If the person in the video was a 270 pound guy on his 3rd arrest for B&E and
had an arrest history that included violent assault, you'd want him to be
chained to a bar without shoes while he was booked.

Aaron was a slightly built kid, with no priors, on a non-violent arrest. But
those kinds of details don't filter down to the booking officer, and most
police stations are equipped to handle difficult "customers", that's why
there's 3 inches of protective glass between the officer and Aaron. There's no
special "well he looks like a nice kid" booking room.

The police in the video appeared courteous and non-aggressive. Nobody was
tased, beaten or abused. Aaron was arrested and was cuffed and detained, the
same as for any other person. As they went through their processing of him,
they asked him politely, thanked him for compliance, assured him things would
go smooth and he'd be out pretty quick. They asked him about his medication,
verified what it was, asked when he needed his next dose. In terms of police
treatment of a person under arrest, this is pretty nice. Of course he's going
to be handcuffed, he _is_ in police custody after all.

They're not going to just find a comfortable chair for him and ask him if he
wants to share in the squadroom's latest pizza delivery while the booking
officer runs out for lattes?

This is what being under arrest actually looks like.
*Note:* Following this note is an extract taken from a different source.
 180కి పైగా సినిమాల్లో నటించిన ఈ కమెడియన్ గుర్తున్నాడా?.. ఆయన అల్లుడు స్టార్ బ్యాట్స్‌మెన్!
Standing for 23 minutes is hardly cruel or unusual. He wasn't being badgered,
they weren't using coercive tactics on him, they didn't even ask him any
questions about his case. It was Aaron after all who admits to walking onto
MIT's property without a question being asked of him!

As tragic as what happened to Aaron is, and the feelings about it that I'm
sure you and I both share on the subject. Messing around with other people's
property and consequently the law enforcement the might come from that is not
something you want to be doing ill prepared.
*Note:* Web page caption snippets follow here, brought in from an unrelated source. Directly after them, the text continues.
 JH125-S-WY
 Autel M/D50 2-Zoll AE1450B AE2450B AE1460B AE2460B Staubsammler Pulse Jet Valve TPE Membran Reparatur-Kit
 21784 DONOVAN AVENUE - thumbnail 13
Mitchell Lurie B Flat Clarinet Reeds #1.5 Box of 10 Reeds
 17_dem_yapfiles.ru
Was MIT's handling poor? Was JSTORs? There's a healthy debate to be had about
that. But w/r to the police and the circumstances of his arrest he _was_
treated about as humanly as the system allows for now.

In the end, Aaron took his own life. The same naïveté that caused him to look
at a closed service door and think "that's a place I'm going to set a computer
up and harvest hundreds of thousands of research papers, nobody will know" is
also what caused him to buckle under the immense pressure of legal
entanglement. He wasn't put to death, executed, beaten to death, tortured or
any other horrible thing. He did something against the law and ended up in the
grind of the system. The system, instead of treating him like a sensitive
special snowflake like we'd like them to have, treated him like any of the
other thousands of people it handles every day.

It's a shitty way to be treated, but if you want to be in a public fight for
your principles, it's something you have to be mentally prepared for. If what
you are doing might get you arrested, this is how the legal system works. Be
prepared.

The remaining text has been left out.